I investigated what happened here and it turns out, Allete saw what happened at the hearing and worked extremely hard to bring supporters out when the zoning officials’ decision came before the full Morton County commission. They brought with them a bevy of landowners with a future Longspur turbine sited on their property to speak, so many that it severely outnumbered the opposition. One after another, residents spoke out against the anti-wind naysayers, a phenomenon I rarely see in fights over renewable energy projects in the United States. One resident called the wind turbines “a windfall” that was ensuring their family’s “retirement plans.” Another compared it to neighbors denying a farm the right to build a barn. Multiple people said if coal mining could happen in Morton County, why couldn’t wind?
“We just tried to understand, even internally. We asked, ‘Why didn’t we have more proponents speaking?’” Todd Simmons, Allete’s vice president of generation operations, told me in an interview this week about the project’s initial rejection. He said after the initial zoning rejection, the company then went door to door asking supporters to come testify. “We tried to make sure that landowners knew that you may have to show up and be more than present. We wanted a civil meeting, and we did not want an argumentative meeting, [but] they were not coached.”

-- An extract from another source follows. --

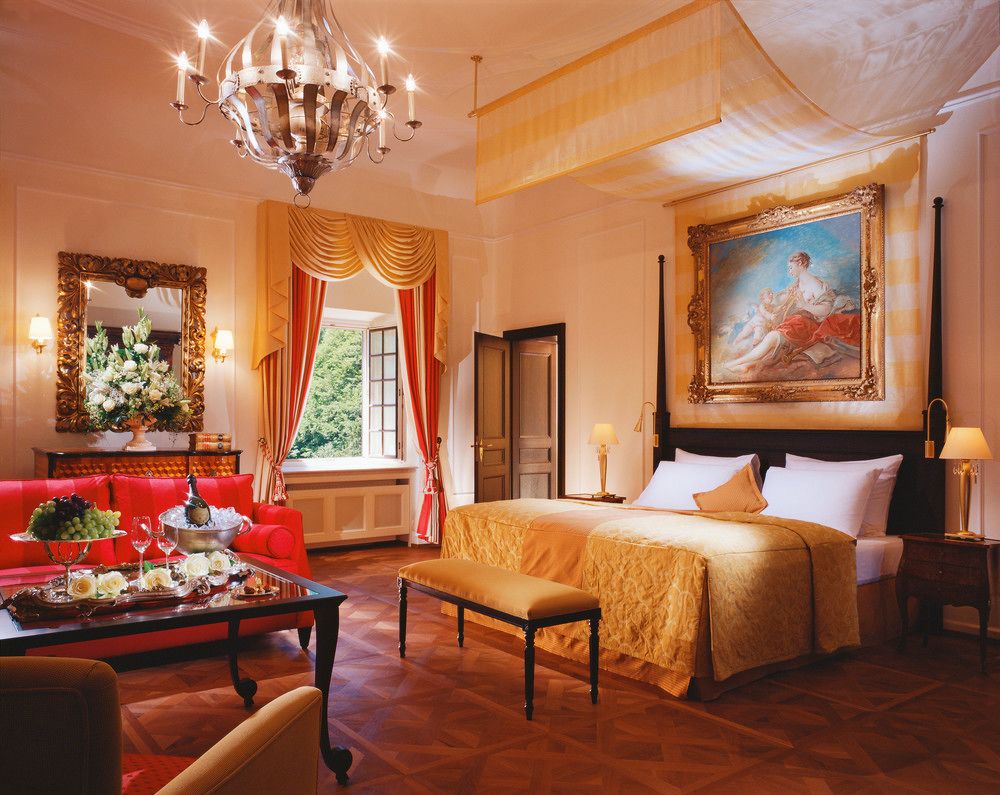 Fotos del hotel - Rosewood Schloss Fuschl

Candidly, this style of outreach reminds me a lot of door-to-door campaign canvassing and a well-worn phrase in professional politics: it all comes down to turnout. And Allete treated the situation that way, telling me that the initial rejection to them was because of an absence, not conflict. “When the folks who were anti- spoke, and the rest of the crowd did not say anything, there was a belief that silence was [an] agreement by the rest,” Simmons told me.
Buckley told me that some of these supporters were actually at the zoning hearing too, but did not want to speak up because “they wouldn’t talk against their neighbor.” Out in rural communities like Morton County, “they all know each other – it’s all one neighborhood community.” In the end, the county commission felt it couldn’t deny people’s property rights, let alone invite whatever legal ramifications would arrive from denying the project in spite of the support from these property owners. “I think it had to do more with private property rights and the people that were in favor of it have property rights, same as do the people in opposition,” Simmons said.
I think there’s an important conclusion to be drawn from what happened in Morton County for any renewable energy project developer out there dealing with local opposition. Too often I watch and listen to local permitting hearings where the dissenting voices are the only ones raised. There are obvious risks for anyone in a small community who does speak up, as I’ve heard of threats against people who come out in support of a project, from anti-renewables homeowners. But it’s clear from what happened to Longspur there is strength in numbers when supporters are mobilized to speak up.
Allete told me they saw an education in the Longspur permitting process too. “It doesn’t matter where you’re building,” SImmons said. “Working with the landowners, and the public agencies…. The sooner you can help them understand what the project is actually about, the better you are.”